Die Dorfregierung  mit dem Reichsschultheißen und dem ganzen Dorfgericht suchte häufig Asyl in der Reichsstadt Schweinfurt, obwohl sie diese als Reichsvogtei aufgab und sich dem Fürstbischof von Würzburg an den Hals warf.

 

Zu dieser Zeit ließen die beiden Gemeinden Gochsheim und Sennfeld  in Hinblick darauf, dass sie mit neuen Überfällen rechneten vor dem Notar Sartorius erklären, falls die Dorfvorstände in Gefangenschaft gerieten, solle jeder Ortsbürger  die Befugnis haben die Gemeindeinteressen auf dem Rechtswege zu wahren und Anwälte zu bevollmächtigen. Falls die Ortsbürger dies aus Angst unterließen sollten die Anwälte der Gemeinden, besonders Dr. Sebastian Wolff für das Reichskammergericht  eine Generalvollmacht haben. Nachdem der Notar ein Protokoll darüber aufgenommen hatte, leisteten die anwesenden Gochsheimer und Sennfelder dem Notar an Eidesstatt das Handgelöbnis dem Protokoll gemäß sich verhalten zu wollen.

Julius Echter nannte dieses Gelöbnis einen „Rütlischwur“ und begann erneut mit schweren Maßnahmen die beiden Reichsdörfer zu schikanieren.

Fünf Jahre dauerte der Kampf der die Grundfesten des Gemeinwesens erschütterte und die persönlichen Leidenschaften aufs heftigste erregt hatte.

Dass er in Gochsheim siegreich endigte  ist nicht zuletzt das Verdienst des Reichsschultheißen Jonas Merz, der trotz vielfacher  Lebensgefahr und unter schweren persönlichen Opfern unbeirrt seinen Weg fortgesetzt und die Fahne der Unabhängigkeit stets hoch gehalten hatte. 23mal musste das Reichskammergericht zu Gunsten Gochsheims gegen Bischof Julius einschreiten. Dadurch wurden mache Wunden geheilt die den Gochsheimern durch  das rigorose Vorgehen des Bischofs  geschlagen wurden.
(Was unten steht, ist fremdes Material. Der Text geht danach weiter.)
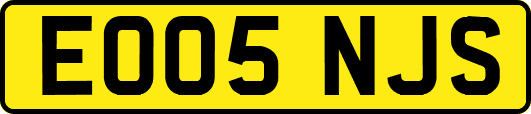 EO05NJS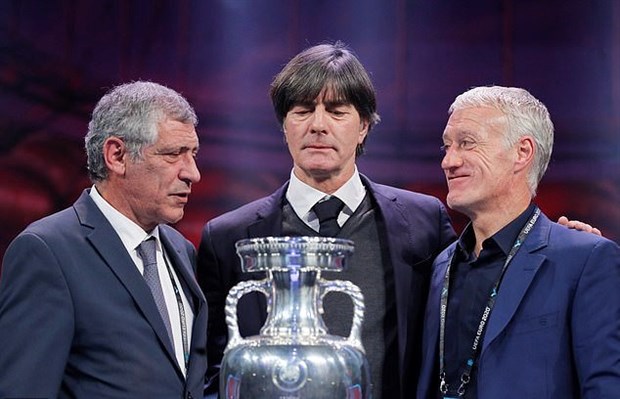 Bảng tử thần tại EURO 2020, người trong cuộc nói gì? - Bóng Đá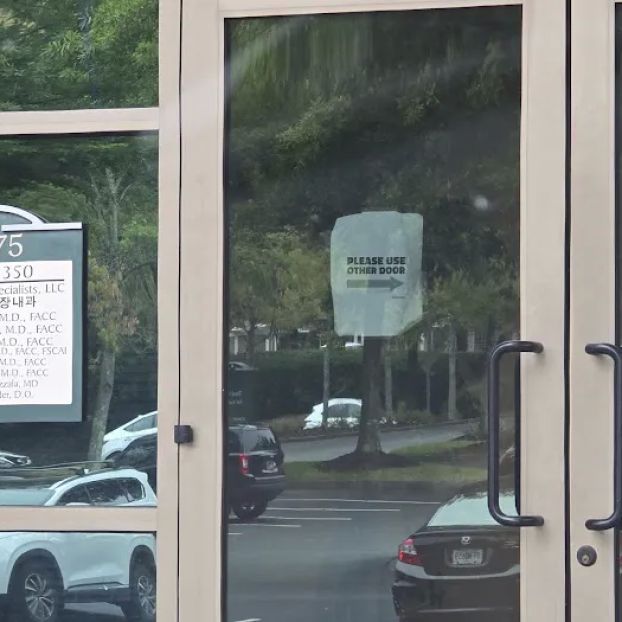 Atlanta Heart Specialists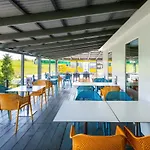 Tisza-tó Apartmanpark 4*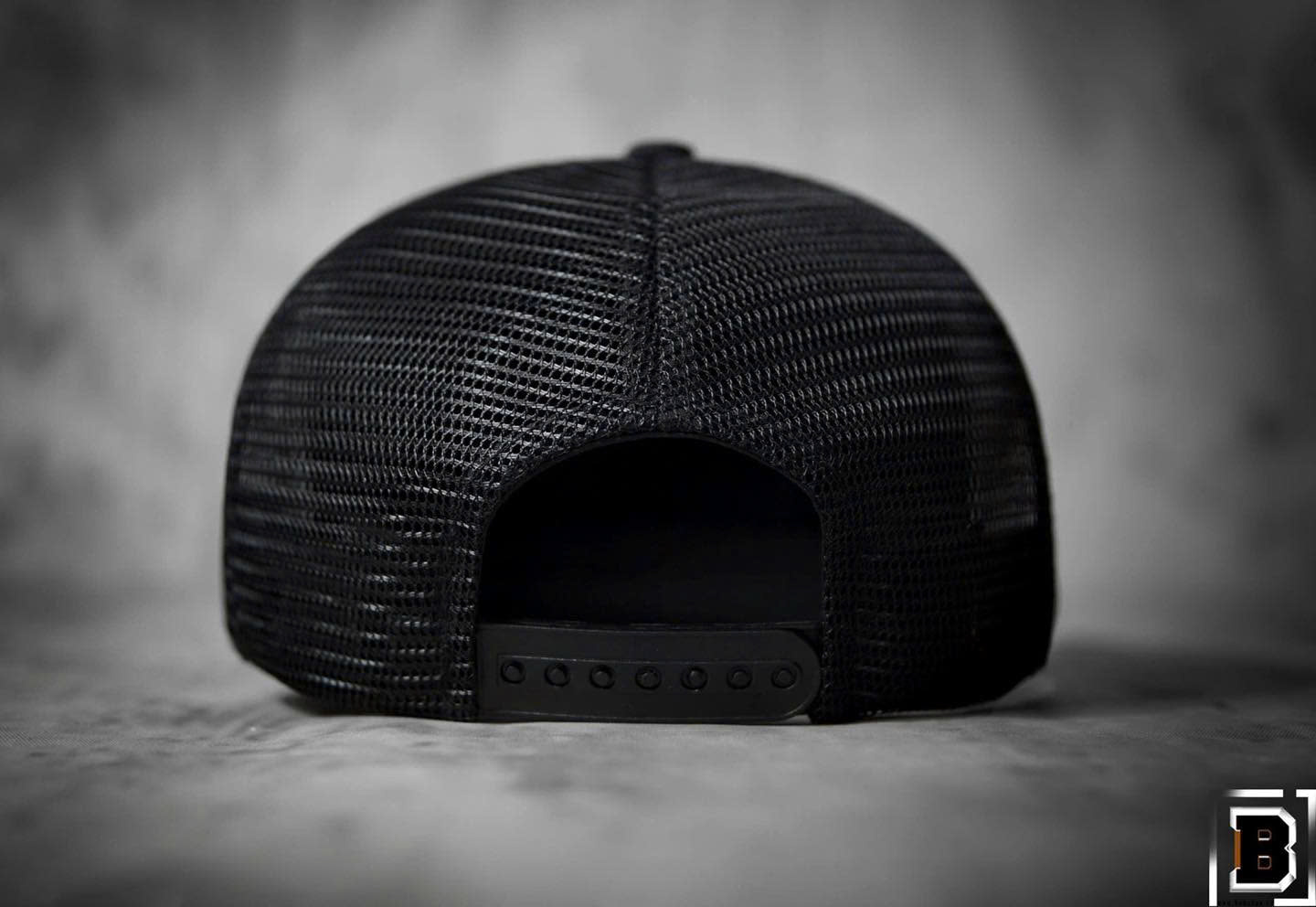 (Hàng VNXK) Nón hiphop, mũ snapback Trâu Chicago vải kaki phối lưới đẹp form chuẩn thời trang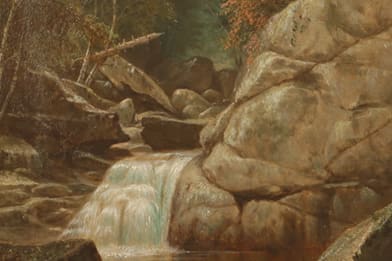 William Ruthven Wheeler (American 1832 - 1893)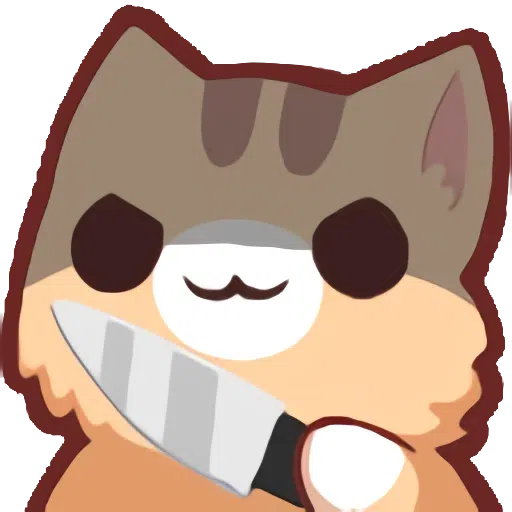 Neko's Emotes - Sticker 20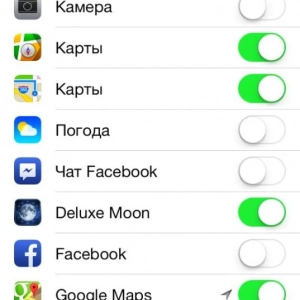 Швидко сідає батарея на iphone 6: можливі причини і способи вирішення проблеми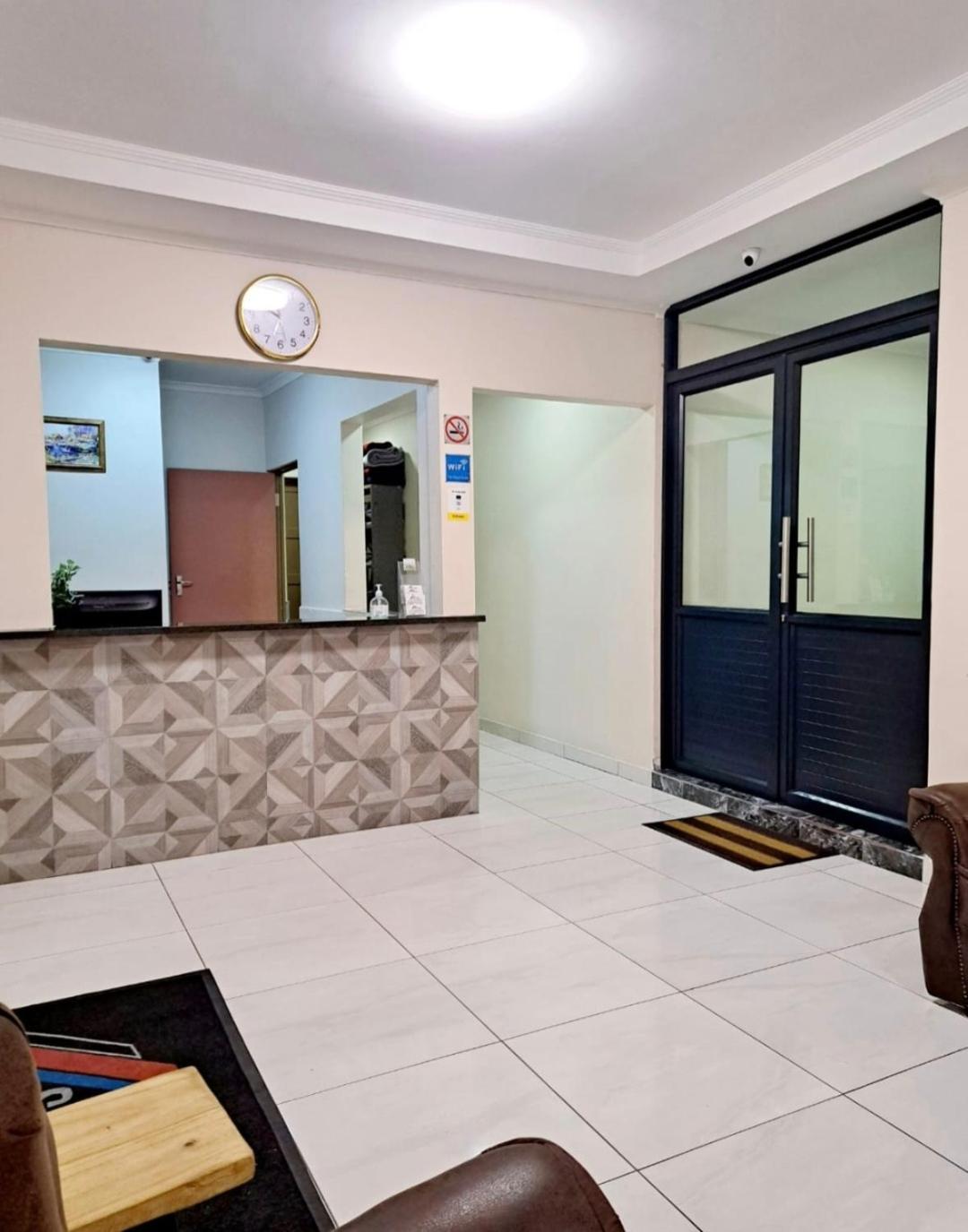 פארו Supa Lodge מראה חיצוני תמונה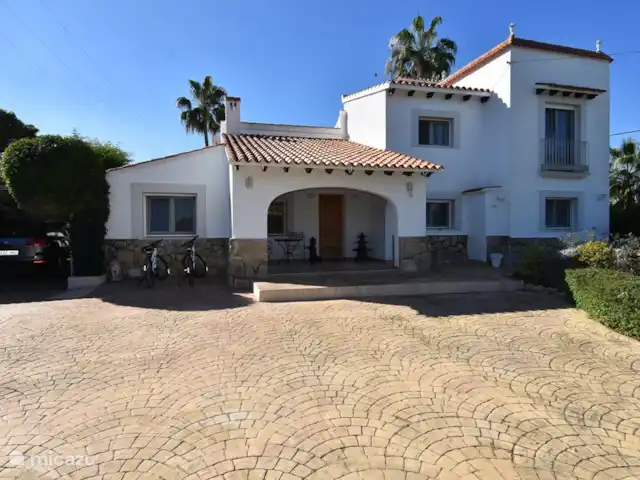 Finca Dénia | Espagne, Costa Blanca, Dénia - villa Finca Dénia | Espagne, Costa Blanca, Dénia - villa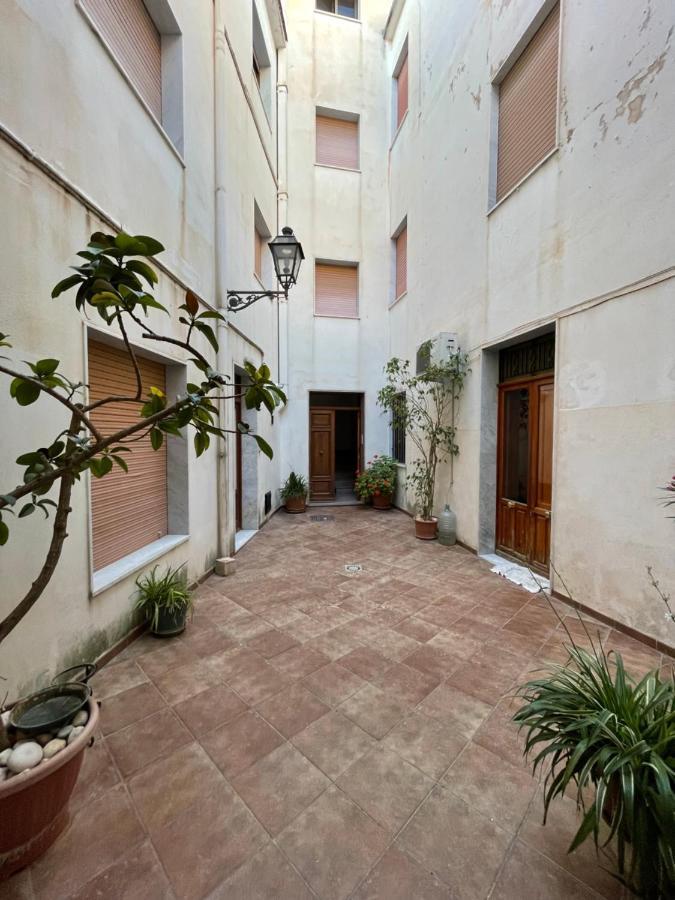 Casa Bila Apartment Sambuca di Sicilia Exterior photo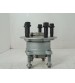 Cubo Roda Traseira Esquerda Mercedes Eqb 250+ 2025 Usad0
Die Reichsdörfer aber haben dadurch, dass sie ihre politische  Selbstständigkeit verteidigten auch ihren religiösen  und konfessionellen Besitzstand gesichert.

(Entnommen der „Nachricht von den Differenzen zwischen dem Bischof von Würzburg und den Reichsdörfern Gochsheim und Sennfeld“ von Pf. Schwarz Lanzendorf und der „Geschichte der fränkischen Reichsdörfer  Gochsheim und Sennfeld von Friedrich Weber)

 

 Leo Jäger Reichsvogt e.h. von Schweinfurt, Reichsschultheiß von Gochsheim e.h. und  Gästeführer.